Data for this exercise Block Start

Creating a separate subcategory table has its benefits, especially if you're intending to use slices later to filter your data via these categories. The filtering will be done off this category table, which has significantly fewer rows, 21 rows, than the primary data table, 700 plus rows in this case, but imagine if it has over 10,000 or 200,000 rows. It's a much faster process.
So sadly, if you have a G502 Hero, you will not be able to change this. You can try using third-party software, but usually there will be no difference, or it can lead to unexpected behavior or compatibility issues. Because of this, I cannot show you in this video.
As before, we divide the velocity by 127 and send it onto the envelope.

Data for this exercise Block End
Data for this exercise Block Start

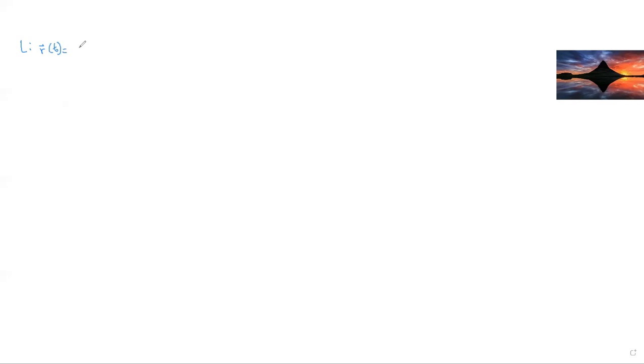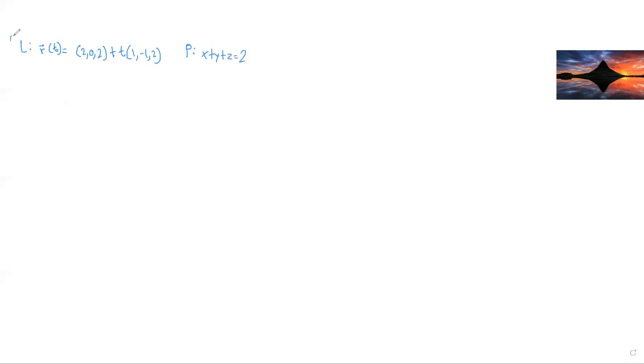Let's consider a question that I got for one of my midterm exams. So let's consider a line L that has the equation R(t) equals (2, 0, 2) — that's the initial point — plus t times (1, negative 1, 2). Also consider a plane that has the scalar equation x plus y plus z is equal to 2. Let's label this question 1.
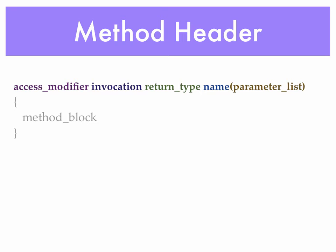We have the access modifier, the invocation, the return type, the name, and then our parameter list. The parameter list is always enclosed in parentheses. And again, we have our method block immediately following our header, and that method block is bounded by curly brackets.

Data for this exercise Block End

» Problem
Retype only the lines above from the one with "Let's consider a question" through the one with "We have the", exactly and with both ends. Images stay out.

» Result of this exercise
Let's consider a question that I got for one of my midterm exams. So let's consider a line L that has the equation R(t) equals (2, 0, 2) — that's the initial point — plus t times (1, negative 1, 2). Also consider a plane that has the scalar equation x plus y plus z is equal to 2. Let's label this question 1.
We have the access modifier, the invocation, the return type, the name, and then our parameter list. The parameter list is always enclosed in parentheses. And again, we have our method block immediately following our header, and that method block is bounded by curly brackets.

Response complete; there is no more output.